今回、私はそれらの競争要因の主体を上図のように定義させてもらいました。
それに基づいて、個人的に導いた競争要因は下図のようになります。
こうして見てみると、グーグル問題以前から出版業界を取り巻く状況は既に厳しくなっていたことがよく分かります。
そして、この中でも特に重要だと私が考えるのは、「書籍の情報化」による出版業界の競争優位の低下であります。
これまで、出版業界を支えてきた競争優位の一つには、「紙による出版」というものがあったと考えます。
出版のための大量の製紙の調達、規模の経済性に支えられた低コストでの印刷や製本、そして、紙の書籍に特化した効率的な物流システム。これらのように、「書籍=紙の書籍」という前提に立った最適化された出版システムが、長い間の出版業界の優位性に繋がっていたように思います。
ところが、ブックオフなどによる大手中古書籍販売店の台頭や電子書籍の増加、そして今回のグーグルによる絶版書籍のフェアユース化などにより、新規の「紙による出版」が今まで以上に減少するのは想像に難くないと思います。
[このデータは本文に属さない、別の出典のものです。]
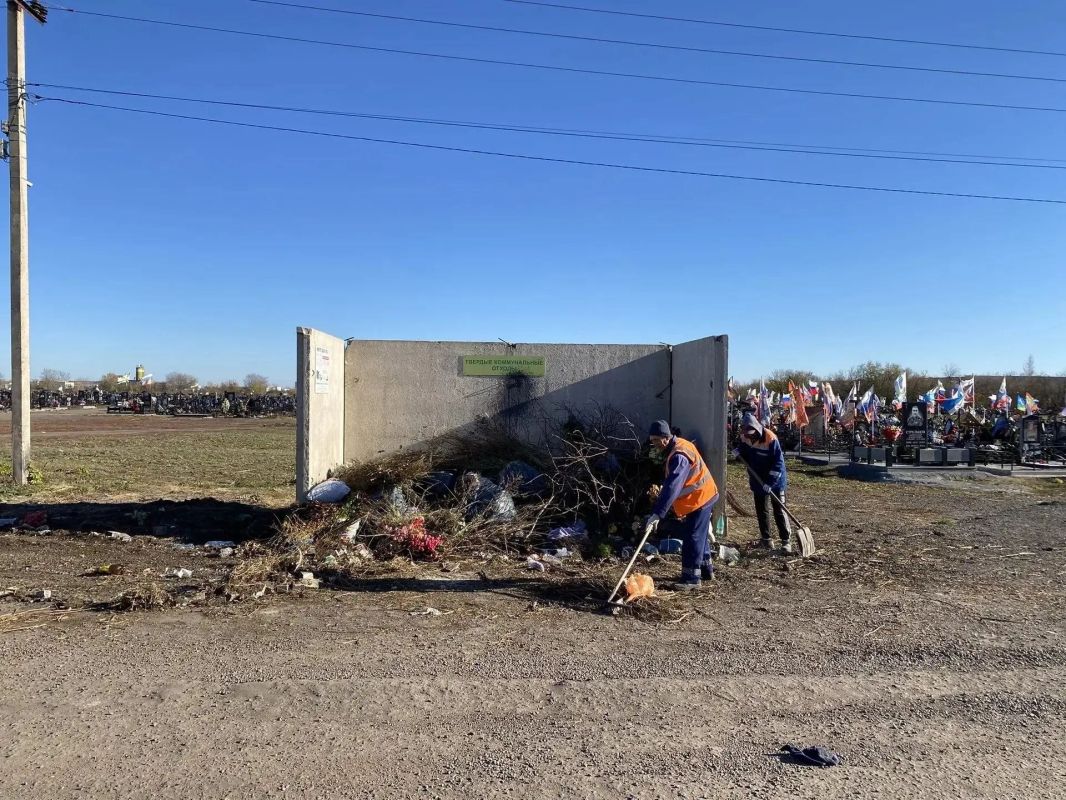 На Полынковском кладбище привели в порядок контейнерные площадки На Полынковском кладбище привели в порядок контейнерные площадки
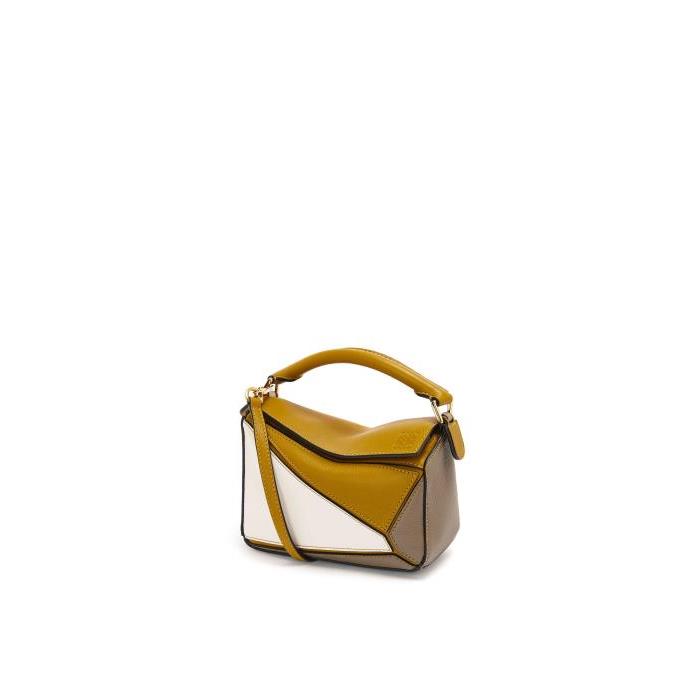 로에베 여성 숄더백 크로스백 Mini Puzzle bag in classic calfskin Ochre/Soft White A510U95X34-4025이끌라로에베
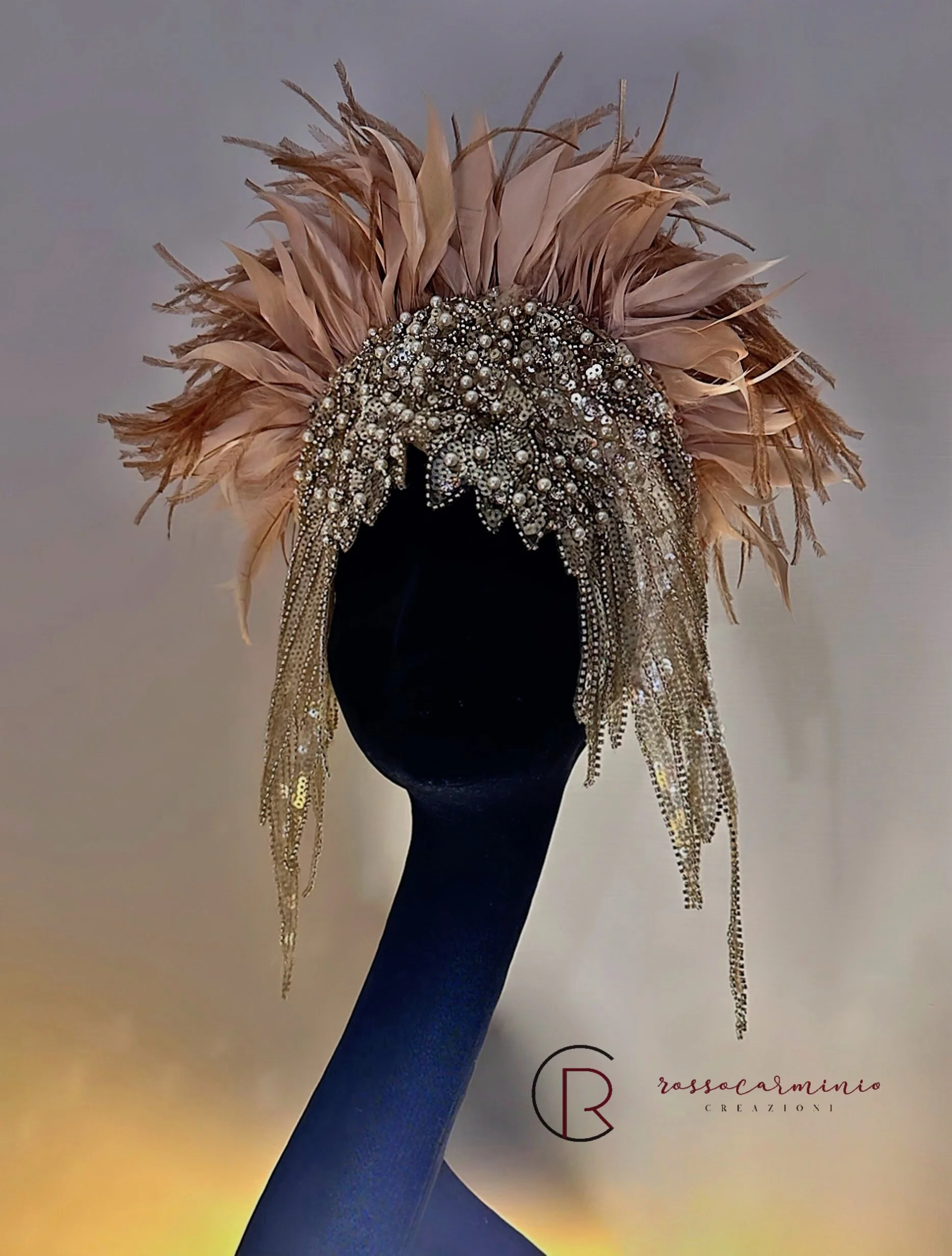 Cerchietto Aureo con Piume Eleganti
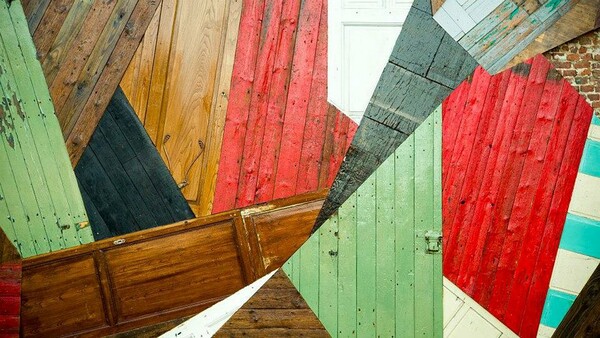 Τεράστια murals φτιαγμένα από παλιές ξύλινες πόρτες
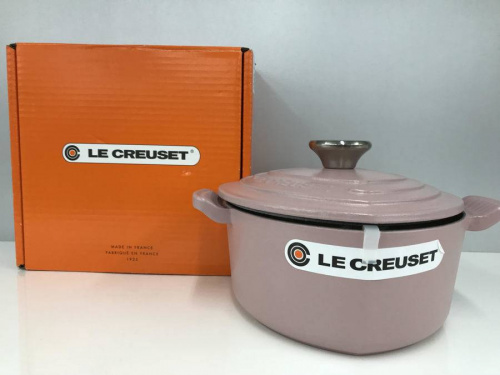 LE CREUSETの両手鍋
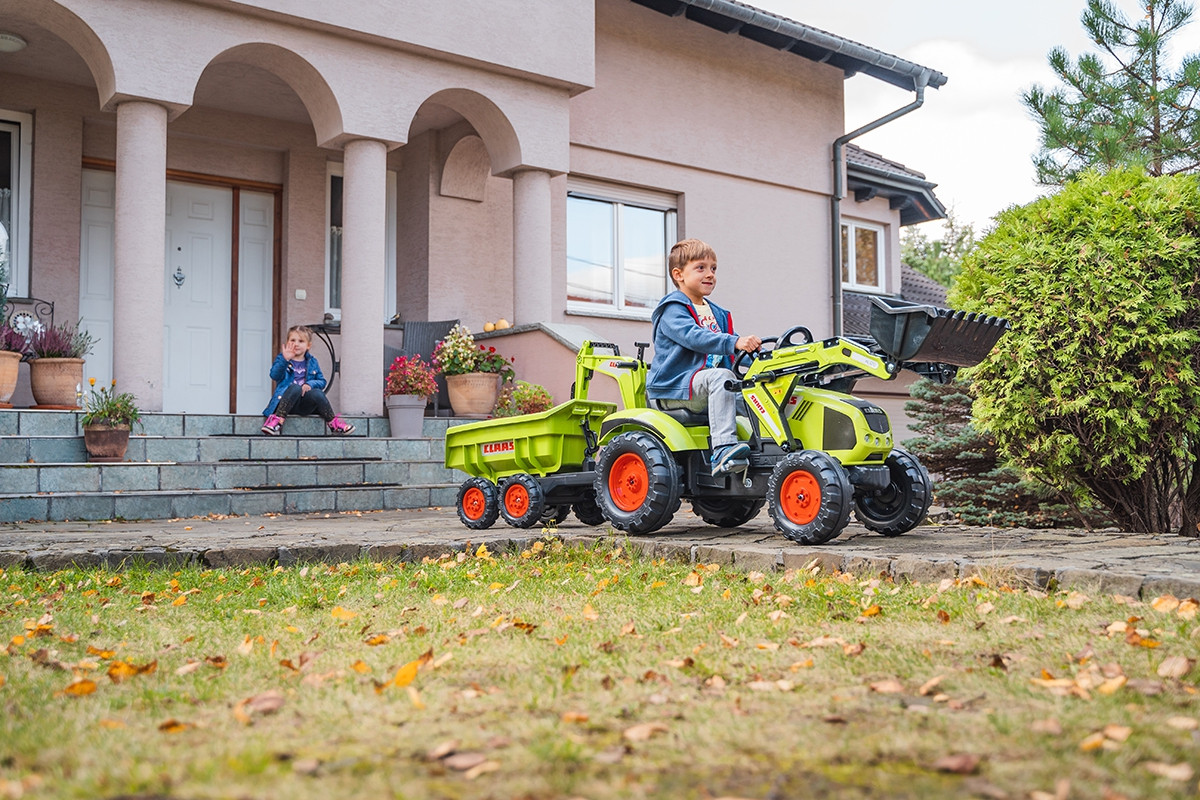 FALK CLAAS Pedal Tractor with Trailer, Bucket and Dozer from 3 Years - Slika 2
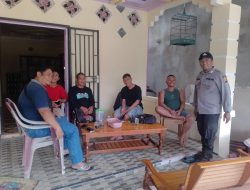 Ciptakan Situasi Tetap Kondusif, Kanit Samapta Polsek Kuala Behe Sambangi Warga Dialogis Kamtibmas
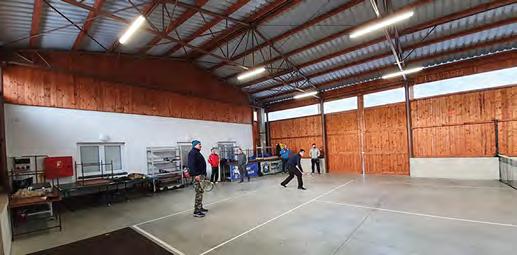 REPORTÁŽE Z AKCÍ REPORTÁŽE Z AKCÍ SPORTOVNÍ ŽIVOT V OBCI RADEŠÍN Líný tenis Ke konci roku 2019 se muži domluvili, že vyzkouší, jestli se dá tenis hrát i v zimě.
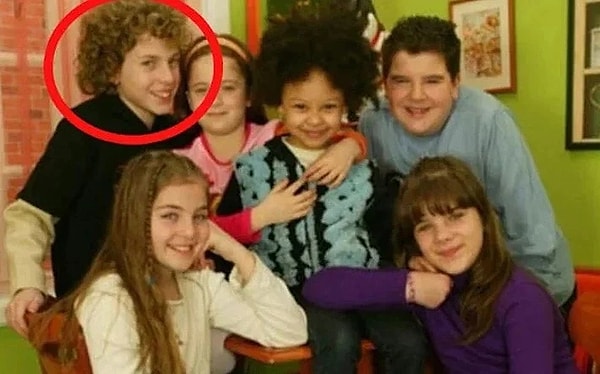 23 yıl sonra film olarak geri dönen Sihirli Annem dizisinde kıvırcık saçlarıyla hafızalara kazınan Kerem Michele Cedolin, kendisinin film için çağrılmadığını açıkladı.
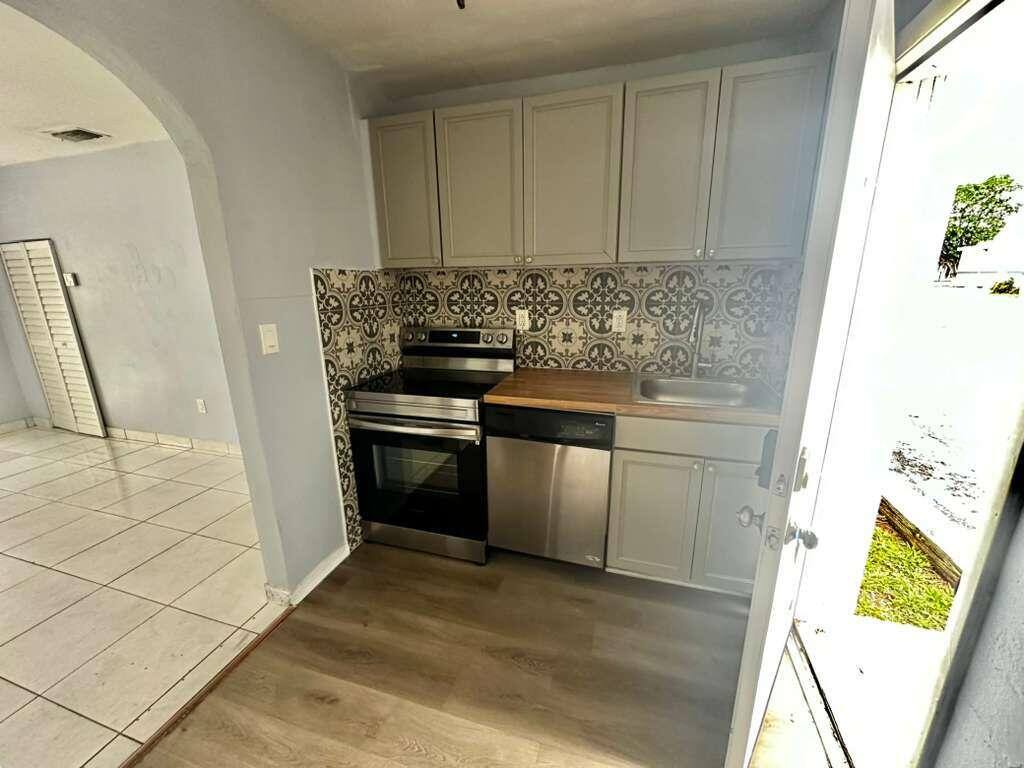 Apartment for rent at 23 SE 12th St #23-22, Dania, FL 33004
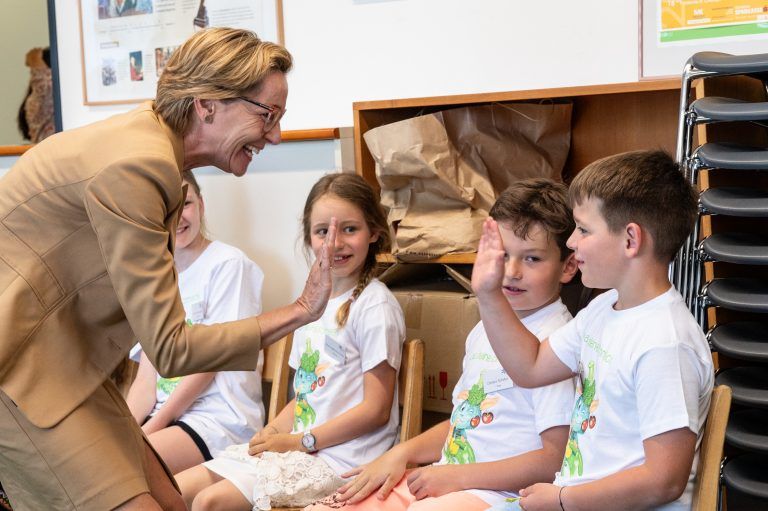 Landesrätin Martina Rüscher freut sich über das gelungene Projekt. <span class="copyright">serra</span>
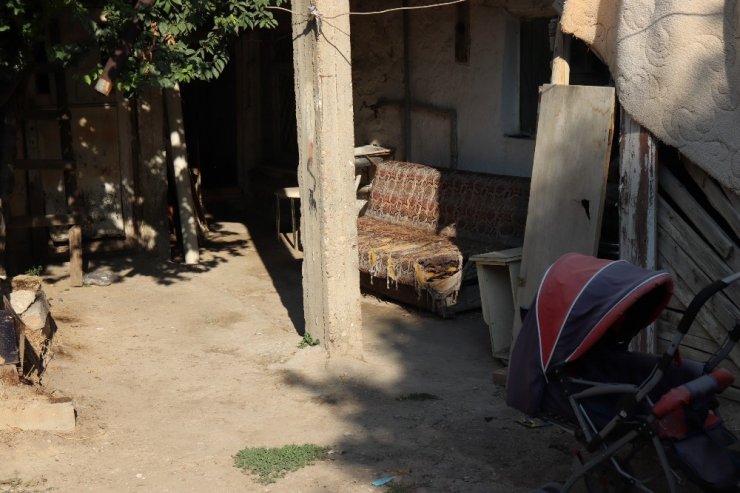 Evin Bahçesindeki Kanepede Ölü Bulundu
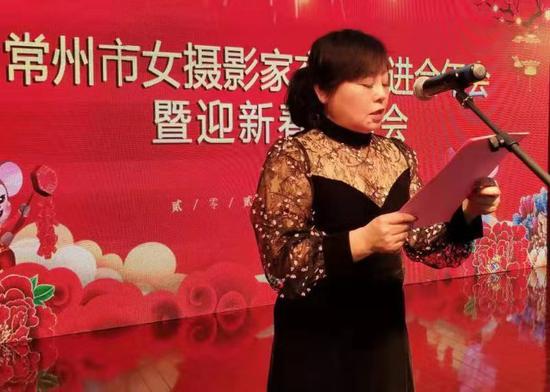 常州市女摄影家交流促进会会长殷佩玉发言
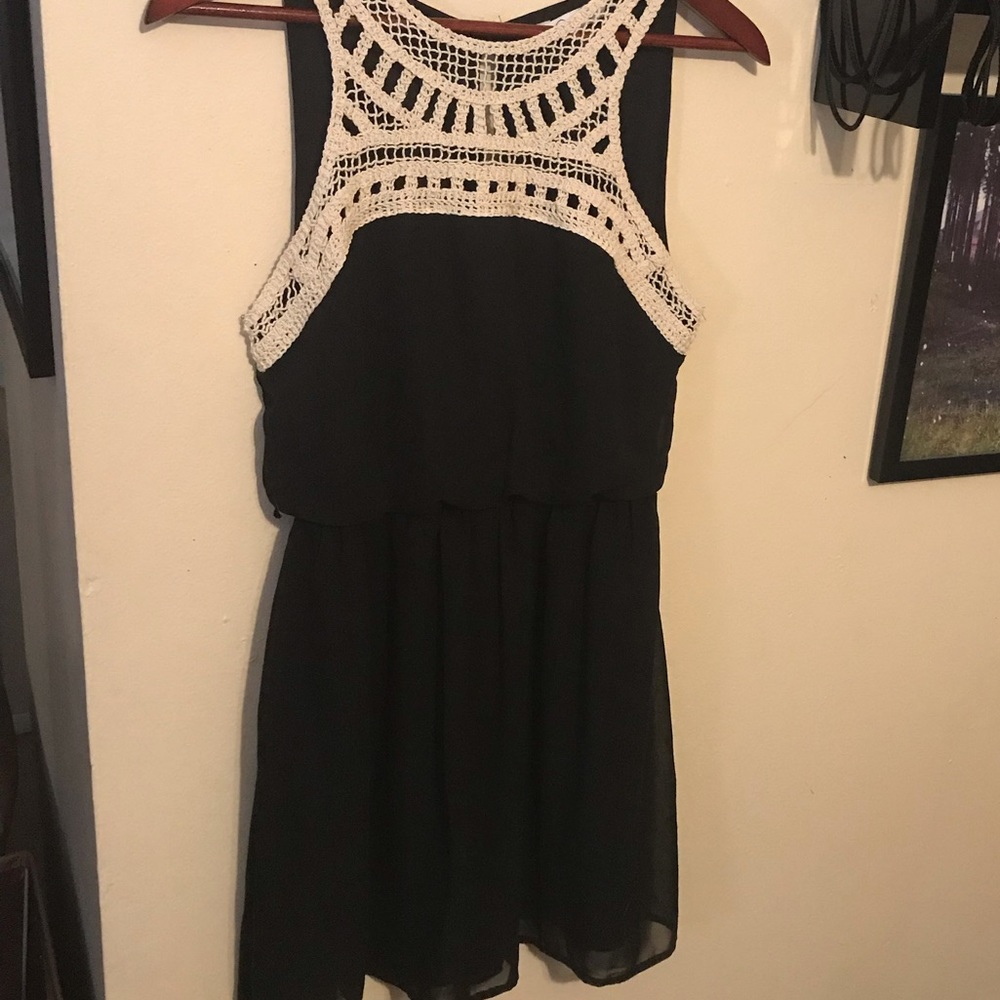 ⭐️5/25⭐️ Sleeveless black dress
現に危機感を募らせているのは、当の出版業界よりも印刷業界の方だと思います。近年の大手印刷会社による大手書店への資本参加は、垂直統合による印刷需要の確保なども視野に入っているものと思われます。
まあ、出版業界には、これまで築き上げてきたブランド力や著作権などによる法的保護の存在がありますので、すぐに凋落するとは考えられないのですが。
ですが、このままでは消え去って行く業界になるのは遠い日のことではないと思います。
グーグル問題は、出版業界に対して新たな競争要因を認識させる出来事だったと思います。
ですが、出版業界が抱える問題の本質は、もっと根が深いのではないかと私は思いますね。